Lord Farmer
Main Page: Lord Farmer (Conservative - Life peer)Department Debates - View all Lord Farmer's debates with the Home Office
(2 years, 6 months ago)
Lords ChamberMy Lords, the gracious Speech prioritises growing and strengthening the economy and helping to ease the cost of living for families. This will require strengthening families. The Centre for Social Justice established that family breakdown—divorce and separation, father absence and dysfunctional family relationships—is not just a consequence of financial hardship but drives poverty and financial stress. As well as leading to much emotional and physical harm and significant health costs, it undermines individuals’ productivity and creativity, which has a knock-on effect on the economy.
During the pandemic, parents who had never needed help with the practicalities of family life, as well as in their relationships with their children and each other, began to reach out to local services and charities because they were at breaking point. Their significant financial and other anxieties have not receded but increased. That is why, in the Government’s efforts to level up and support more people into work, their policy on family hubs is particularly important and needs cross-departmental collaboration. Family hubs help to ensure that children have the best start for life and help parents to get out of debt, address substance misuse and get into employment. They could support the separated families in which one-third of all children grow up, and of which almost two-fifths are involved in acrimonious court proceedings.
The levelling-up Bill will place a duty on the Government to set missions and produce an annual report on their delivery. Action for Children’s suggested measures for levelling up for children include investment in education and for a number of children who are school-ready. I would make requirements on the number growing up with both their parents, a regional version of the family stability indicator that was part of the Government’s social justice strategy. Nationally, around a quarter of families are headed by lone parents, where children are particularly at risk of poverty and disadvantage. In 2013, the CSJ took the most local view possible and published an analysis of lower super output areas across England and Wales. Ranking all LSOAs by levels of lone parenthood, the top area had 75%, and in the top 10 the proportion was around 66%. Others, such as the Commission on Race and Ethnic Disparities, acknowledge such differences in family structure among factors driving inequality of children’s outcomes.
Reducing regulation on businesses must include farming. Freedom from European regulation may have come in the nick of time, because our farms must perform to the max, given the ugly spectre of world famine that stalks the war in Ukraine. Agricultural innovation is urgently needed to build a more sustainable future but, in the developing global food crisis, particularly for grain, the Government must prioritise food production instead of imposing any new restrictions—for example, on fertilisers and pesticides.

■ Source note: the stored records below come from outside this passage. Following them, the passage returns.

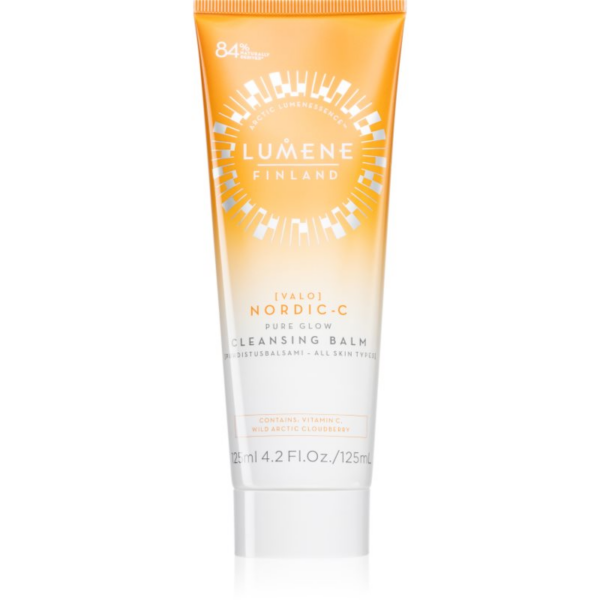 Lumene Nordic-C [VALO] Pure Glow lemosó és tisztító balzsam 125 ml-Ár
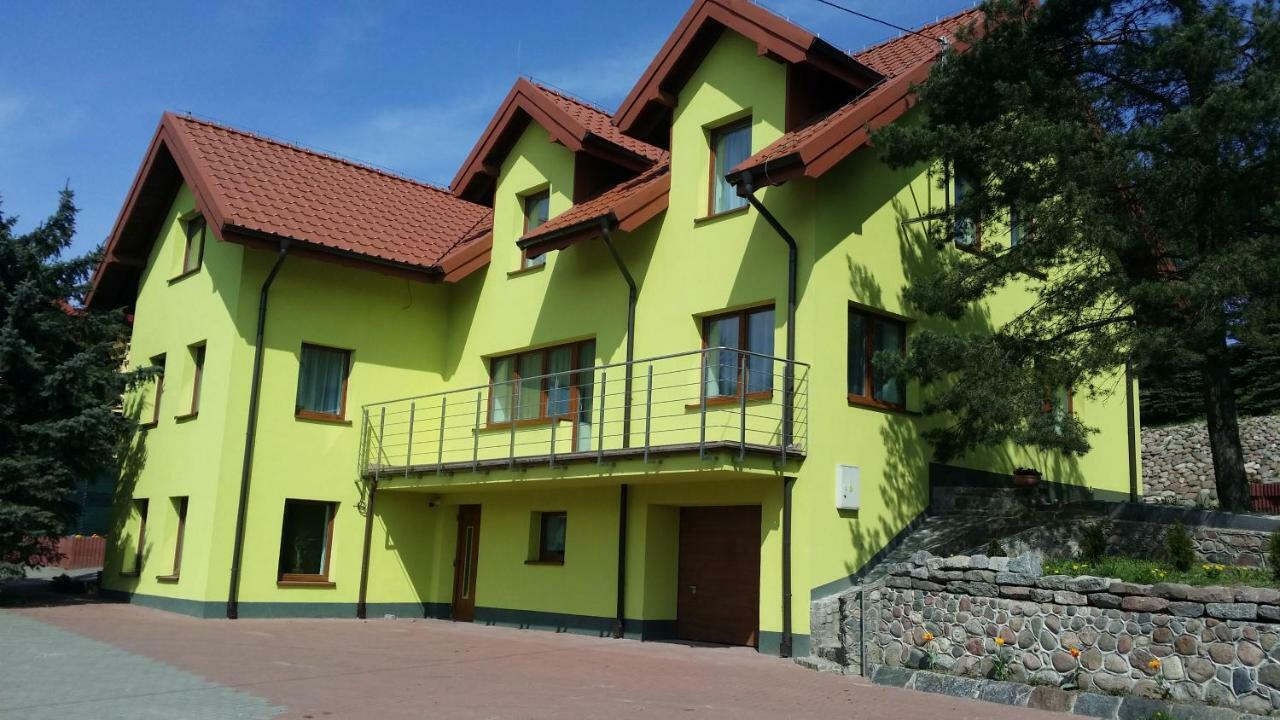 Green House Marcinkowo Mrągowo Exteriér fotografie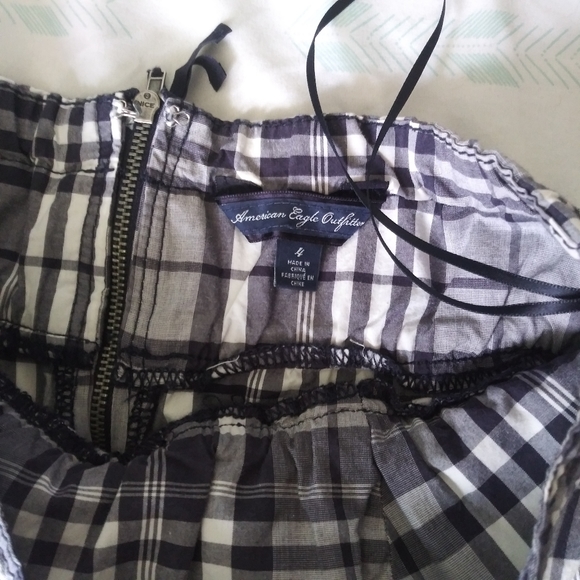 American Eagle Outfitters Halter Top Dress - Picture 3 of 6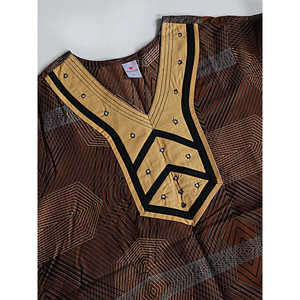 Camisón 100% Algodón Supersuave con Bolsillo Bordado, Logotipo Personalizado, Cierre Elástico en la Cintura, Tejido ODM Súper Cómodo - Product Image 3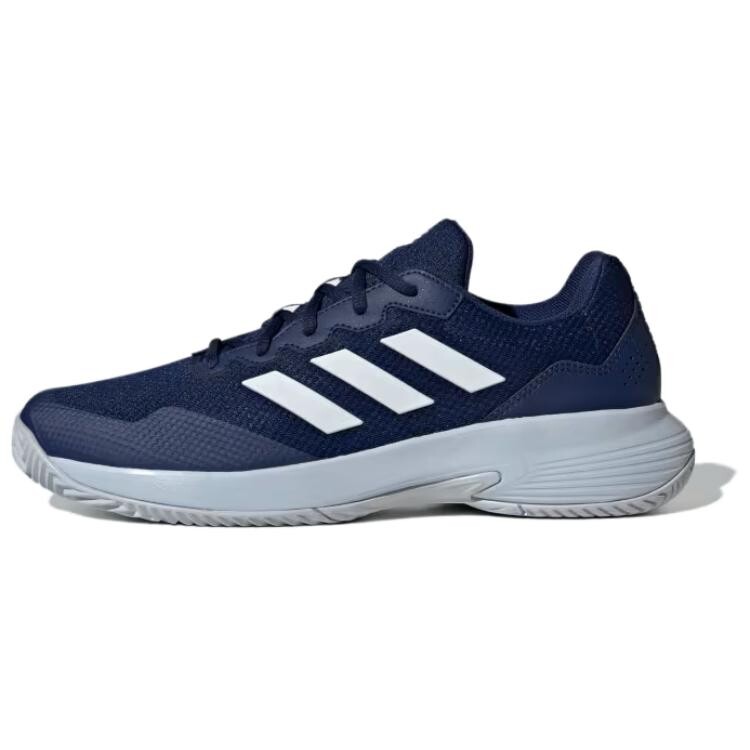 Кроссовки adidas GameCourt Tennis Shoes Unisex Low-top Deep Blue / Cloud White / Halo Blue, синий
Кроссовки adidas GameCourt Tennis Shoes Unisex Low-top Deep Blue / Cloud White / Halo Blue, синий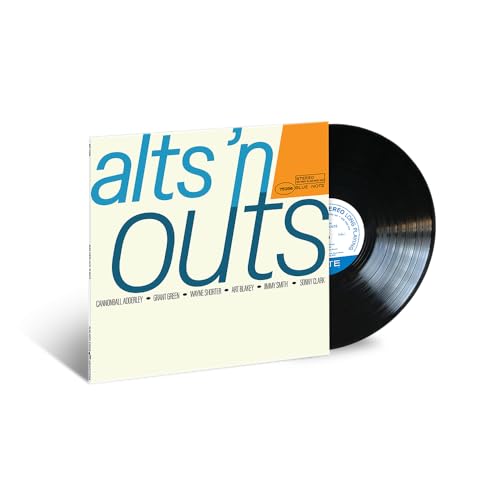CANNONBALL ADDERLEY, GRANT GREEN, WAYNE SHORTER, ART BLAKEY, JIMMY SMITH & SONNY CLARK - ALTS 'N OUTS (VINYL)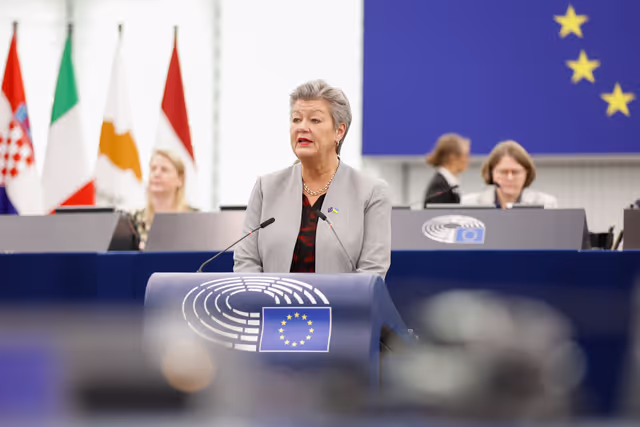 Photo 16: EP Plenary session - Automated data exchange for police cooperation (“Prüm II”)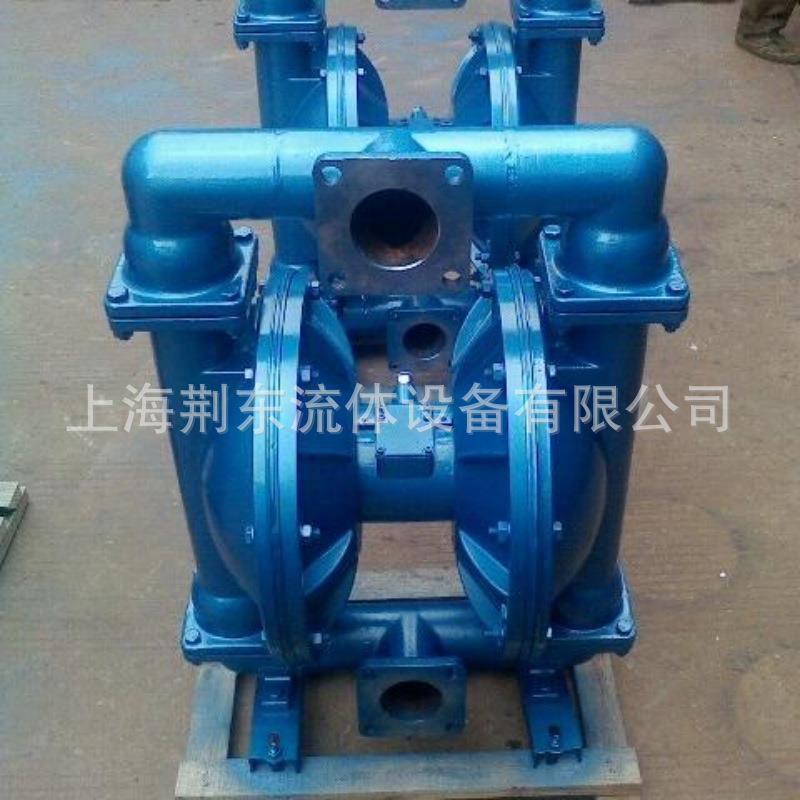 自产自销气动隔膜泵QBY-8工程塑料气动隔0膜QB工Y泵业638隔膜泵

Turning to justice and home affairs, I very much applaud the speech of the right reverend Prelate the Bishop of Gloucester, who talked about prevention upstream and downstream. Numbers of victims will continue to increase and streets will not be safer unless crime is prevented, including by improving rehabilitation. Considerable attention is paid to the plight of women in the criminal justice system. My review pointed to the abuse and violence many have suffered as potent criminogenic factors. A similar narrative would fit the reality of many men and boys in trouble with the law, but no one is articulating it. There are roughly 77,000 men and 3,800 women in prison—a stark difference. Yet, given our swollen male prisons, this is an area where significant changes are needed.
On criminalisation, the Government should tread very carefully—I am backing my noble and learned friend Lord Mackay here—when introducing an offence spanning non-physical conversion therapies intended to change sexual orientation. The Government will need to be crystal clear what they mean by “conversion” and “therapy”, so that when under-18s explore their sexuality with their parents, or perhaps a youth leader in a faith organisation, such people who are sincerely motivated by young people’s welfare are not unintentionally criminalised. A wide spectrum of responses exists between unquestioningly affirming their sexual orientation and rejecting it out of hand. Treating young people’s transgender issues separately is right, but many of the same concerns are relevant to sexual orientation and should not be batted away as homophobic.
Finally, much has been said about the Online Safety Bill and that it might curtail freedom of speech. However, there is much disquiet about children’s and young people’s access to pornography. Moreover, responses to “tractorgate” in the other place reveal how adults, as well as children, suffer when abusive, violent, misogynistic and racist porn is prolific because it is so addictive. As with gambling, libertarian arguments sound very hollow when the utter human misery associated with porn addiction becomes apparent, from the inability to form relationships and/or perform sexual functions because of its effects, to the social isolation and financial burden. This is not about making moral judgments, but recognising insidious and very real harm.